Free school paid £900 for chair's stay in swanky Chicago hotel

A free school in Bolton paid more than £900 for its chair to stay at a swanky Chicago hotel favoured by Hollywood stars while attending an Apple event, a government investigation has revealed.

The Olive Tree Primary School Bolton Limited, a single-academy trust, also allowed Abdul Chohan – who worked as a consultant for the technology giant – to deliver private education technology events on its site.

The report, published today, also found Chohan recruited his friends to consultancy positions and even hired his future spouse to a leadership position with no formal contract or recruitment process.

The Education and Skills Funding Agency investigation into the trust, which runs Olive Tree Primary free school, identified “a number of significant weaknesses” within the trust’s internal control and governance arrangements. The organisation has breached its scheme of delegation, articles of association and the academies financial handbook, and may also have broken the companies act 2006, the ESFA said.

Many of the investigators’ concerns relate to Chohan, the trust’s chair of trustees. The report found he had hired four people known to him, including two trustees, as paid consultants without following the proper procedures. He also hired a catering firm without following the rules, and gave his future spouse a job at a time when their families were negotiating their marriage.

According to the report, the trust had “a number of additional business areas”, including an Apple regional training centre and private ed tech events hosted by Chohan.

The trust also paid for certain staff and trustees to attend ed tech related courses and presentations during term time.

In April 2018, the trust paid £901.57 for accommodation for Chohan at the Intercontinental Chicago on 25 April 2018 to attend an Apple event, despite foreign travel expenses for trustees being expressly forbidden by the trust’s articles of association.

The hotel is listed online as a “world-renowned destination” attended by international dignitaries, politicians, and Hollywood celebrities.

In a financial notice to improve issued in November, also published today, the trust was ordered to recover the expenses paid to Chohan.

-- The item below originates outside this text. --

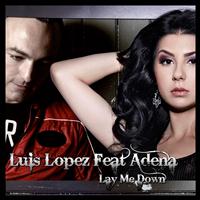 Luis Lopez - Lay Me Down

The trust must also provide an action plan showing the improvements it’s made and consider joining a “strong” academy trust by March. If the trust fails to meet the requirements, it could have funding terminated.

 

Questions over income from ‘private events’

Private events run by Chohan at the trust generated income £13,650. However, all three additional business areas incurred combined costs of £13,247.

In March 2018, the chair organised an event at the trust with attendees from Sweden, generating £11,730 in income.

However, the trust only received £8,700. When the trust’s chief financial officer inquired, they were told that a fee was deducted for the time spent on the event by the chair, totalling £1,980.

Investigators found that although Chohan had declared his 120-days-a-year consultancy contract with Apple, this was not challenged or questioned by rest of the trust board. Previous ad-hoc worked performed by Chohan for the tech firm was also not formally declared.

Last January, Chohan presented at the BETT Show, an ed tech conference in London on behalf of an unnamed company which supplies Apple products to the school.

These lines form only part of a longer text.